Chem.RDKFingerprint(mol1)


# We can, however, compare these fingerprints to calculate a measure of similarity between different molecules:

# In[35]:


def similarity(a, b):
    return DataStructs.FingerprintSimilarity(Chem.RDKFingerprint(a), Chem.RDKFingerprint(b))

print(similarity(mol1, mol2))
print(similarity(mol1, mol3))
print(similarity(mol2, mol3))

Draw.MolsToGridImage([mol1, mol2, mol3])


# The numbers for similarity appear to agree with our intuition. We can extend them, and calculate a matrix of similarity between all possible pairs of molecules. We'll first calculate all the $n$ fingerprints, then all the similarities in an $n \times n$ array.

# In[36]:


fps = [Chem.RDKFingerprint(mol) for mol in molecules]

n = len(molecules)
simil = np.ndarray((n, n))
for i in range(n):
    for j in range(i+1):
        simil[i,j] = DataStructs.FingerprintSimilarity(fps[i], fps[j])
        simil[j,i] = simil[i,j]


# We can plot it, every point on this graph is a value of similarity between two molecules (given on X and Y axes):

# In[37]:


_ = sns.heatmap(simil)


# We can clearly see that some molecules appear “grouped” together in the list (see the molecules around number 84). Some molecules look like they have very little in common with all others (around 148). Let look at molecules similar to number 82.

# In[38]:


molecules[82]


# In[39]:


_ = sns.barplot(x=np.arange(n), y=simil[82])


# We now select all molecules than have more than 0.7 similarity, and show them.

# In[40]:


l = [i for i in range(n) if simil[82,i] > 0.7]
Draw.MolsToGridImage([molecules[i] for i in l])


# OK, it seems pretty clear what that they all share the same basic structure.
# 
# We can then use that information about similarity to perform additional tasks. For example, we can try to select a small number of molecules that are chemically diverse from the set.

# In[41]:


# We need to provide a distance function. Choose dist = 1 - similarity
def dist(i, j):
    return 1 - simil[i,j]

picker = MaxMinPicker()
pickIndices = picker.LazyPick(dist, n, 10, seed=42)
print(list(pickIndices))


# Let's have a look at the molecules that were picked:

# In[42]:


Draw.MolsToGridImage([molecules[i] for i in pickIndices])

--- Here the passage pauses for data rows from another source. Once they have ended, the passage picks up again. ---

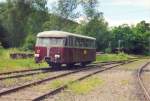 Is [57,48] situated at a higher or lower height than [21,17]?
lower

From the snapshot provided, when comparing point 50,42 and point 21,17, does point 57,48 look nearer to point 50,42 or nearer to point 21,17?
point 50,42

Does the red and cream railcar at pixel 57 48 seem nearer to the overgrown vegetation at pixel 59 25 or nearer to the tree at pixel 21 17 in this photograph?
the overgrown vegetation at pixel 59 25

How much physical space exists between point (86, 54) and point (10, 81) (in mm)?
18065

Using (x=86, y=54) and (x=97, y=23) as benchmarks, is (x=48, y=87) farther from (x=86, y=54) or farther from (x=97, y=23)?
(x=97, y=23)

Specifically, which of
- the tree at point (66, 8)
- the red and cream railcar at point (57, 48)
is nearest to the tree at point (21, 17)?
the tree at point (66, 8)

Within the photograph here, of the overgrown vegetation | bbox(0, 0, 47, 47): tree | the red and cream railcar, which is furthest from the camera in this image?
bbox(0, 0, 47, 47): tree

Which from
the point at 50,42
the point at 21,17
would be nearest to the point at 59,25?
the point at 21,17

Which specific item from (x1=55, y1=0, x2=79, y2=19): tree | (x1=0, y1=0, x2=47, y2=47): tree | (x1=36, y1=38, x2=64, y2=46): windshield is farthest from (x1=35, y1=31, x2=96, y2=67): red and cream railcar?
(x1=0, y1=0, x2=47, y2=47): tree

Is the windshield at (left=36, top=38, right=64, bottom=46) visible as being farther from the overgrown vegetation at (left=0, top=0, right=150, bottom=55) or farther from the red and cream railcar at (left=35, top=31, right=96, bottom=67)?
the overgrown vegetation at (left=0, top=0, right=150, bottom=55)

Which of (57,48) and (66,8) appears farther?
(66,8)

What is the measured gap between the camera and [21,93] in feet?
55.5

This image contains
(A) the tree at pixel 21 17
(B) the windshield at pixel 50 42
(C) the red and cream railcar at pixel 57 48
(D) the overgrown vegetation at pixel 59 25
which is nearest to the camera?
(C) the red and cream railcar at pixel 57 48

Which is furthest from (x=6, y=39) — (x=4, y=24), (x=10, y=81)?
(x=10, y=81)

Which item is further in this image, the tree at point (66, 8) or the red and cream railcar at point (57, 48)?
the tree at point (66, 8) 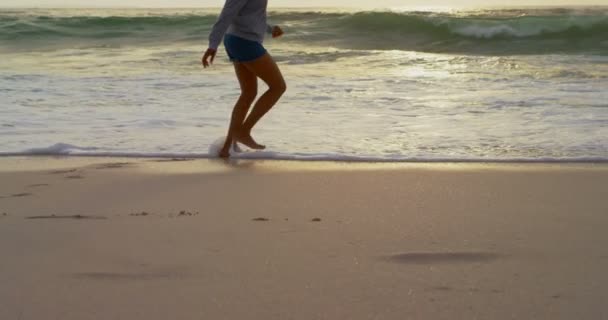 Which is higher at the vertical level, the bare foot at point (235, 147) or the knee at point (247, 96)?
the knee at point (247, 96)

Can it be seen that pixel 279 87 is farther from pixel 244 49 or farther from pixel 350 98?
pixel 350 98

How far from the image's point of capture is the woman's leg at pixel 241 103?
5305mm

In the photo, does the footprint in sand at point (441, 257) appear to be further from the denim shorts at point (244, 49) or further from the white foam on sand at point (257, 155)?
the denim shorts at point (244, 49)

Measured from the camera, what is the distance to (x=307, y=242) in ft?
10.3

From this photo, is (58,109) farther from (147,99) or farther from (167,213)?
(167,213)

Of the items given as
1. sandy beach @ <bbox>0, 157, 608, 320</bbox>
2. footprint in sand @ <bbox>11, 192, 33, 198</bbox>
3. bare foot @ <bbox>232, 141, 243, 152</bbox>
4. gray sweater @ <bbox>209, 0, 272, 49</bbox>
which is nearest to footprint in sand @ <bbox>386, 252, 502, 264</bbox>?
sandy beach @ <bbox>0, 157, 608, 320</bbox>

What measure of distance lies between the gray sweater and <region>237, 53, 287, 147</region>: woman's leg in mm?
143

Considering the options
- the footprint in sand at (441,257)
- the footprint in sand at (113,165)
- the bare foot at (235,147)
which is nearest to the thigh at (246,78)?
the bare foot at (235,147)

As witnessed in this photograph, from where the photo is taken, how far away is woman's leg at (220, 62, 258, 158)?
17.4 ft

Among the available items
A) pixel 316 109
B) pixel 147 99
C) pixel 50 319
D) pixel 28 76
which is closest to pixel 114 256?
pixel 50 319

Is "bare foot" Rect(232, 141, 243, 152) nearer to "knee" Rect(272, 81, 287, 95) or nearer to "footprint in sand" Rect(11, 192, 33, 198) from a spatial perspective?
"knee" Rect(272, 81, 287, 95)

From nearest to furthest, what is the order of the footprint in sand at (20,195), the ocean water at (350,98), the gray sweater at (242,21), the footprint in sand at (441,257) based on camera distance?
the footprint in sand at (441,257), the footprint in sand at (20,195), the gray sweater at (242,21), the ocean water at (350,98)

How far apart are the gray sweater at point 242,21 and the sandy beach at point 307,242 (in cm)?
84

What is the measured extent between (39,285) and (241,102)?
2907mm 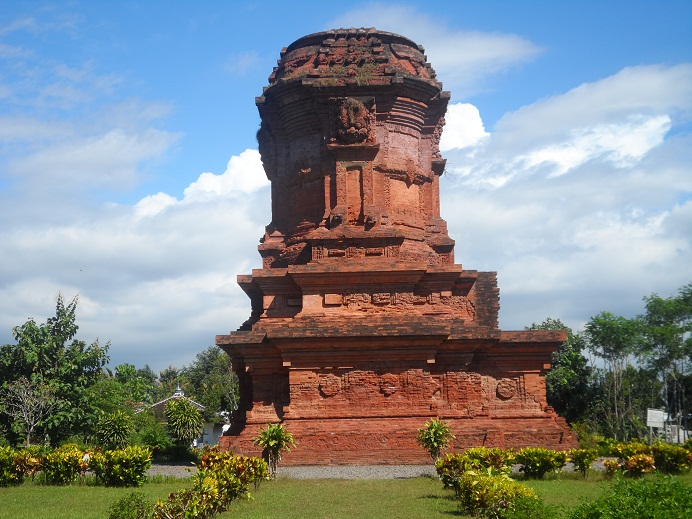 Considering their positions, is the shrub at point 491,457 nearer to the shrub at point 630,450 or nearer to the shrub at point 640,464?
the shrub at point 640,464

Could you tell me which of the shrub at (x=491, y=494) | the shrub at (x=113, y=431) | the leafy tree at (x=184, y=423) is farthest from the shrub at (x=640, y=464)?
the leafy tree at (x=184, y=423)

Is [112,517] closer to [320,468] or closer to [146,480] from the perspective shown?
[146,480]

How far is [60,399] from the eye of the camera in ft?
94.8

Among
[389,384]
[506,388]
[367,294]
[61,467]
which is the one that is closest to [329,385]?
[389,384]

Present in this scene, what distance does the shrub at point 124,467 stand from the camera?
15898 mm

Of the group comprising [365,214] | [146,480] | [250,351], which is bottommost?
[146,480]

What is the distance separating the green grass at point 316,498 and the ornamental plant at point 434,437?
1063 mm

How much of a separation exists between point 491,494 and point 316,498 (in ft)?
11.9

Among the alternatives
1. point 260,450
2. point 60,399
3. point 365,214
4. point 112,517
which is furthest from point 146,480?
point 60,399

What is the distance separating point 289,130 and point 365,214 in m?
4.07

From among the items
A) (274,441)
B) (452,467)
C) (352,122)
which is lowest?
(452,467)

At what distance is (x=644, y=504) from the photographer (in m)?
7.03

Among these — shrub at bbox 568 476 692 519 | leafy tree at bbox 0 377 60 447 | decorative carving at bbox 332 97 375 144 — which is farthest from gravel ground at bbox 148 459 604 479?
leafy tree at bbox 0 377 60 447

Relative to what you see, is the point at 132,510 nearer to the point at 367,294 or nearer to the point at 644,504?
the point at 644,504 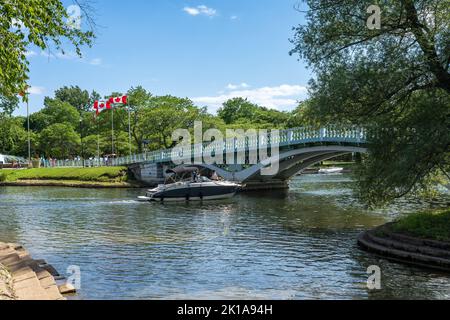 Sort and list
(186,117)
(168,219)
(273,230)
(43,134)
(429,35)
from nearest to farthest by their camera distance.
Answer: (429,35) → (273,230) → (168,219) → (186,117) → (43,134)

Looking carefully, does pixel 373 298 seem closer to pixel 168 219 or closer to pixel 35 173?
pixel 168 219

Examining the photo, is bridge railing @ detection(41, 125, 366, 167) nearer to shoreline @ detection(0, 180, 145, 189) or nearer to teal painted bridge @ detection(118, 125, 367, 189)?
teal painted bridge @ detection(118, 125, 367, 189)

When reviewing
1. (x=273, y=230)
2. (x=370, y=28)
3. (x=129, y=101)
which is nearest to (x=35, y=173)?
(x=129, y=101)

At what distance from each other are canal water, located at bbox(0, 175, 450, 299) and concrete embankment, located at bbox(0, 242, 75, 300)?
0.82 m

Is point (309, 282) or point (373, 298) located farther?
point (309, 282)

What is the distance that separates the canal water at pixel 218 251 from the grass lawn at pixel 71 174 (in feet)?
94.1

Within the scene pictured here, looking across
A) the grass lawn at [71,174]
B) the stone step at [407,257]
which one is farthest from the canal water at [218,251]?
the grass lawn at [71,174]

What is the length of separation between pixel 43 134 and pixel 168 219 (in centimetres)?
6966

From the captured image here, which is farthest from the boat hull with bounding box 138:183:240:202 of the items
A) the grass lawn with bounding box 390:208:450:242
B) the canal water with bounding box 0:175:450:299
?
the grass lawn with bounding box 390:208:450:242

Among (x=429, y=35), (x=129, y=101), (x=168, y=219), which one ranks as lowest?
(x=168, y=219)

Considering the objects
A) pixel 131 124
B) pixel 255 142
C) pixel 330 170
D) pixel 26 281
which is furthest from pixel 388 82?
pixel 330 170

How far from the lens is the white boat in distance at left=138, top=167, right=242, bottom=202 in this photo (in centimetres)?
4181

# We can display their similarity matrix, and see that it is low in all cases:

# In[43]:


m = np.array([[simil[i,j] for j in pickIndices] for i in pickIndices])
_ = sns.heatmap(m)


# If we exclude the diagonal (similarity of each molecule with itself is always equal to 1), the maximum value of similarity between two molecules in the set of 10 that was picked is:

# In[44]:


np.max(np.abs(m - np.eye(10)))


# So they are indeed quite different (for the given measure of similarity that we have chosen).

# ## Going further
# 
# In this notebook, we have seen the basics of the exploration of chemical structures, the identification of chemical groups and the characterization of molecular similarity. There are several ways we could take this study further. One of the ideas would be to expand the notebook to load a larger list of molecules. The file `ApprovedDrugsLibrary.sdf` contains a list of all drugs approved by the FDA (US Food and Drug Administration), as of 2017. It contains 1800 molecules.
# 
# Here are some ideas for you to continue this project:
# 
# 1. From the FDA approved drugs list, can you load the molecules, **explore their structures and properties**. What are the common chemical groups? How frequent is each functional group? What are the most common cycles and heterocycles?
# 2. Using the FDA list, you can use unsupervised learning, and more specifically **clustering methods** (based on molecular fingerprints), to identify the different groups of similar molecules. What categories emerge? Can you classify the different drugs in this way?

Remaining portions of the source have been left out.